3fast 3furious? I hope its is about drifting cuz then i'll buy another 240 before the movie, and sell it at a way jacked up price


----------



## Loki (Jan 12, 2004)

we will see the AE86 there for sure , and the Silvias no doubt.


----------



## vsp3c (May 15, 2003)

this has been discussed before.. just as the "ricer" phase, the "drift" phase will die out sooner or later.. 3fast3furious or what not will get the idea of "drifting" out to the public and the number of dricers will increase incredibly. i don't worry about much.. i'm only 15. by the time i have enough money/time to work on my car, drift phase will be long gone


----------



## drift240sxdragqueen (Oct 23, 2002)

rice phase will never die as long as they keep making movies...the same with drift. ie Intial D.


----------



## TuFoteeSX (May 16, 2004)

close this pathetic thread. 
i never seen part 2, i doubt ill see part 3. only parts ive seen for part 2 is when the previews came on. if it's based in japan, they better represent wangan, wehre the big boys be having each other for breakfast, lunch and dinner. i dont think there's dessert unless a honda shitvic or a stupid eshits comes along and tries to get a piece, hahahaha.


----------



## ronaldo (Feb 23, 2004)

I never saw the second, but i might watch the third just to see them use there noossss while drifting. ahahahah, no way in hell will i pay money to see it though

the world is falling apart


----------



## x0dyssey (Mar 26, 2004)

ronaldo said:


> I never saw the second, but i might watch the third just to see them use there noossss while drifting. ahahahah, no way in hell will i pay money to see it though
> 
> the world is falling apart



LMFAO


----------



## 93blackSER (Feb 1, 2003)

the saddest part about this thread is that it might come, and it might not, and yet you all bitch about it like it's going to do some good. no one knows if it will happen, or if it will happen like you say it's going to. and even if it does happen, no one knows what the outcome will be in any way. if you havent noticed, cops also read. yeah, that's right, cops can read. they have most likely read all of the stories about D1 and people trying to drift and people street racing and all that bullshit. it happens, get over it. you cant stop it. end of story.


----------



## Joel (Jun 11, 2003)

Drifting is expensive.
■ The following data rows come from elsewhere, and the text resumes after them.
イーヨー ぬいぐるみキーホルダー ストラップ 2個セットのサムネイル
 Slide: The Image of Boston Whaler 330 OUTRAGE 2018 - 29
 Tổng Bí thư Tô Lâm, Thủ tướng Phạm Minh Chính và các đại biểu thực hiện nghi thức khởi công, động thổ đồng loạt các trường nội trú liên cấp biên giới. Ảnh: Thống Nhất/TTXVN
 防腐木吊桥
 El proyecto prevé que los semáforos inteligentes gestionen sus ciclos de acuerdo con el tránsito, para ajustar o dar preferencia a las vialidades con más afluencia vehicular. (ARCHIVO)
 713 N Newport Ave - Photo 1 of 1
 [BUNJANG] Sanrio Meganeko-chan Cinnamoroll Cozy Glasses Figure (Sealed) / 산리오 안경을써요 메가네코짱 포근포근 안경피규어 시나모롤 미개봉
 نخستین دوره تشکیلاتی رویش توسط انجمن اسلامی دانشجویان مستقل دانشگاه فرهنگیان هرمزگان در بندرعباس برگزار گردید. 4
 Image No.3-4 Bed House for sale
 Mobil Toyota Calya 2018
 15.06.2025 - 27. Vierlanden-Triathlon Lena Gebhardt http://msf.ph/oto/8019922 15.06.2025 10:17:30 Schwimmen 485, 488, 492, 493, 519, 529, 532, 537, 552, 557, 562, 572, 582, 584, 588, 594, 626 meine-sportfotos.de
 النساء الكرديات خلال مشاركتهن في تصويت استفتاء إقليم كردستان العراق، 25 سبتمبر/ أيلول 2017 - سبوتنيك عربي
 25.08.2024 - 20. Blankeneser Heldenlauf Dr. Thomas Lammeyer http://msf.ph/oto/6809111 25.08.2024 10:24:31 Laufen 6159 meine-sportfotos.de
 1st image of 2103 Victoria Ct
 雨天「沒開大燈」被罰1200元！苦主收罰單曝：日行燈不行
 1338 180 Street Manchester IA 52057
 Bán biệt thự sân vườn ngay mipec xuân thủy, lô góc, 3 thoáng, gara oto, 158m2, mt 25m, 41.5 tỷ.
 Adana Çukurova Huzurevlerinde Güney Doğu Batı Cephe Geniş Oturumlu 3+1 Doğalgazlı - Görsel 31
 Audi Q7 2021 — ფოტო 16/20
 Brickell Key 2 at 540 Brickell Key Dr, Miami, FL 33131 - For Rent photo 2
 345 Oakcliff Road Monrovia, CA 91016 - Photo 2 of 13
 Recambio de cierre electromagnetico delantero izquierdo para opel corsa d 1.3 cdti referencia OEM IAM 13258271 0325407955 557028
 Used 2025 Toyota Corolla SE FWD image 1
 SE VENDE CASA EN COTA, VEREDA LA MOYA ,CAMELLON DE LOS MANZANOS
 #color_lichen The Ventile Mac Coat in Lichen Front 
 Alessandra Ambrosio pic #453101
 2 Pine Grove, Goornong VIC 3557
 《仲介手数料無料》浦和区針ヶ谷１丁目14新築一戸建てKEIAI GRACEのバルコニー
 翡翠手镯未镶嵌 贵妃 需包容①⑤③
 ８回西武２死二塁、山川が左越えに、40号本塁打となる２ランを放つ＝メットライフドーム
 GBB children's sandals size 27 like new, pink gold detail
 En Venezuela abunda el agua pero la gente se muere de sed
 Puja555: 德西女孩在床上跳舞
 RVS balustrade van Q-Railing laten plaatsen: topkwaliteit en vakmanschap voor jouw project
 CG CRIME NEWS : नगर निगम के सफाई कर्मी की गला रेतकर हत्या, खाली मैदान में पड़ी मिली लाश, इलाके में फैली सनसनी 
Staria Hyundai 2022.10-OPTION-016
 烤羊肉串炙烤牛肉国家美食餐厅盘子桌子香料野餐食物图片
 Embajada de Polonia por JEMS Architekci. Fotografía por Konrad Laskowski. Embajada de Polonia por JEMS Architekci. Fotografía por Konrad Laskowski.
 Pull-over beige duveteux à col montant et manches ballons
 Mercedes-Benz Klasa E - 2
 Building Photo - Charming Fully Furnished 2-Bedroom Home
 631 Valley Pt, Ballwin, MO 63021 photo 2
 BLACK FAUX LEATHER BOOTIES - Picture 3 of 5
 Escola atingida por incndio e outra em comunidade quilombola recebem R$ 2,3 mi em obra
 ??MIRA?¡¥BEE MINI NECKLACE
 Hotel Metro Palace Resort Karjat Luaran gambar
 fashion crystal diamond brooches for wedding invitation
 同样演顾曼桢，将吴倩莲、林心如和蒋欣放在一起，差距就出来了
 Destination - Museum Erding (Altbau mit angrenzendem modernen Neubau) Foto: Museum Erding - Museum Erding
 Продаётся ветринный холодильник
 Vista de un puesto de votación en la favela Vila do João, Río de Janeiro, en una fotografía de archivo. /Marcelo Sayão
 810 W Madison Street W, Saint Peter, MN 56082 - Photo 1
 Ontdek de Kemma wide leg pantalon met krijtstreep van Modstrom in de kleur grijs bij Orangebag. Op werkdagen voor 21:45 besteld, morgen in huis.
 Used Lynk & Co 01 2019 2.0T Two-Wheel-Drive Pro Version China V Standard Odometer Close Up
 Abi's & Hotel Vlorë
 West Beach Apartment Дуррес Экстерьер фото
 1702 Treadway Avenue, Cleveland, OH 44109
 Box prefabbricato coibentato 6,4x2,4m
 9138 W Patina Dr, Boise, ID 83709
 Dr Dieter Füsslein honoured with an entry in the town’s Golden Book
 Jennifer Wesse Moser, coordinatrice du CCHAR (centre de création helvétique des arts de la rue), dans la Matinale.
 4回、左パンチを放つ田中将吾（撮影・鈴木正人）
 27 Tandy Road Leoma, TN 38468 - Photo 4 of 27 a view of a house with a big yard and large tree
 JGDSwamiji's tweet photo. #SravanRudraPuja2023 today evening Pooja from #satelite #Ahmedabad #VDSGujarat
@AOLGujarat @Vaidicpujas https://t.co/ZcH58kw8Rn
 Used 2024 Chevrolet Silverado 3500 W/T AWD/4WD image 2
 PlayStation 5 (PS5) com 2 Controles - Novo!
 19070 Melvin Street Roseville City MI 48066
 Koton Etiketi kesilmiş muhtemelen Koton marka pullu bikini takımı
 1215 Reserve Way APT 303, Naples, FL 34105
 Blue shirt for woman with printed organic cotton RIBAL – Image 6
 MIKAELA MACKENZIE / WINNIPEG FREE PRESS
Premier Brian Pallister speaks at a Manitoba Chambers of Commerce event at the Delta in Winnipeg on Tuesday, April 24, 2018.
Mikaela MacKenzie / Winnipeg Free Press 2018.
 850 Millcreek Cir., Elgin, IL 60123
There are less people doing it than you'd like to believe.


----------



## drift240sxdragqueen (Oct 23, 2002)

TuFoteeSX said:


> close this pathetic thread.
> i never seen part 2, i doubt ill see part 3. only parts ive seen for part 2 is when the previews came on. if it's based in japan, they better represent wangan, wehre the big boys be having each other for breakfast, lunch and dinner. i dont think there's dessert unless a honda shitvic or a stupid eshits comes along and tries to get a piece, hahahaha.


 yet everyone in wagan pays the price to a corvette...


----------